TO DO:
The answer should be the records below, word for word, with every image left out.

(Beginning of EXERCISE DATA)

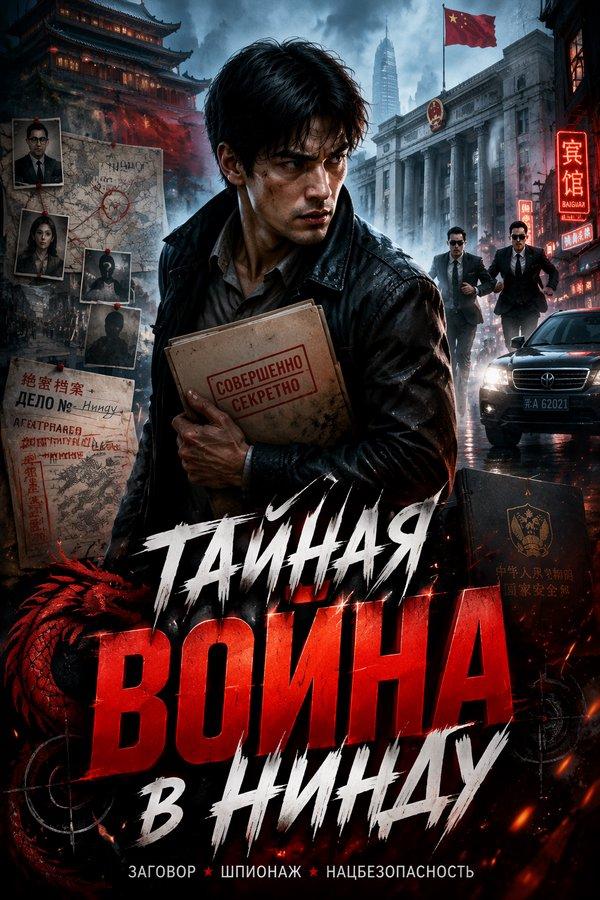 Тайная война в Нинду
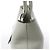 Hermès Cabasellier 46 Taurillon Clemence Schultertasche in Gray Gris Neve B: 2023 Grau - Ansicht 5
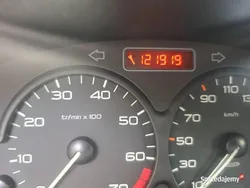 Używany 2003 Peugeot 206 | 5000 zł (Dość drogi)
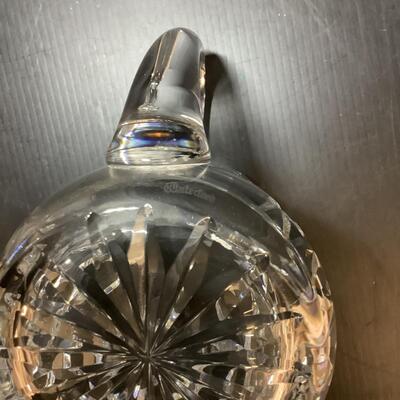 Lot 1054 Waterford  Glass Lot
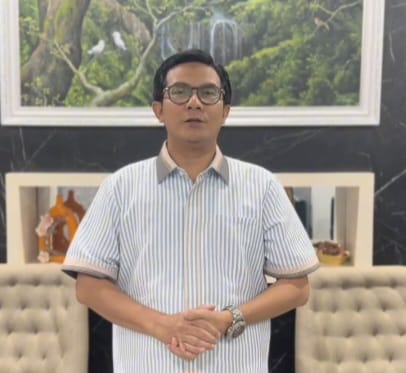 Ketua  (DPRK) Banda Aceh, Irwansyah ST,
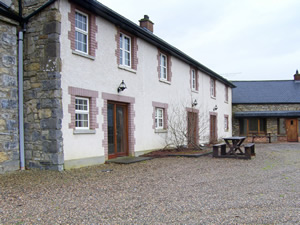 Self catering breaks at Ballyshannon in Donegal Bay, County Donegal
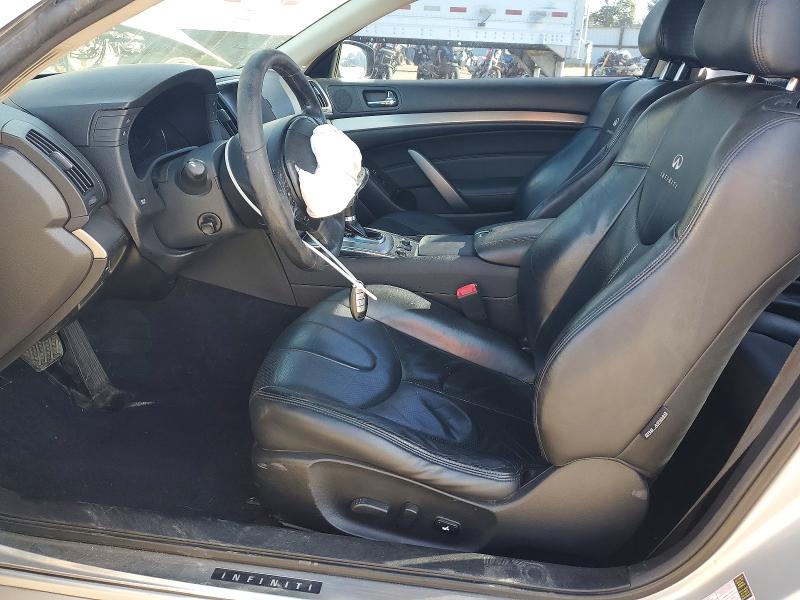 Aukcja sprzedaży 2010 Infiniti G37 Coupe, vin: JN1CV6ELXAM151106, numer aukcji: 68666166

(End of EXERCISE DATA)

RESULT:
 Тайная война в Нинду
 Hermès Cabasellier 46 Taurillon Clemence Schultertasche in Gray Gris Neve B: 2023 Grau - Ansicht 5
 Używany 2003 Peugeot 206 | 5000 zł (Dość drogi)
 Lot 1054 Waterford  Glass Lot
 Ketua  (DPRK) Banda Aceh, Irwansyah ST,
 Self catering breaks at Ballyshannon in Donegal Bay, County Donegal
 Aukcja sprzedaży 2010 Infiniti G37 Coupe, vin: JN1CV6ELXAM151106, numer aukcji: 68666166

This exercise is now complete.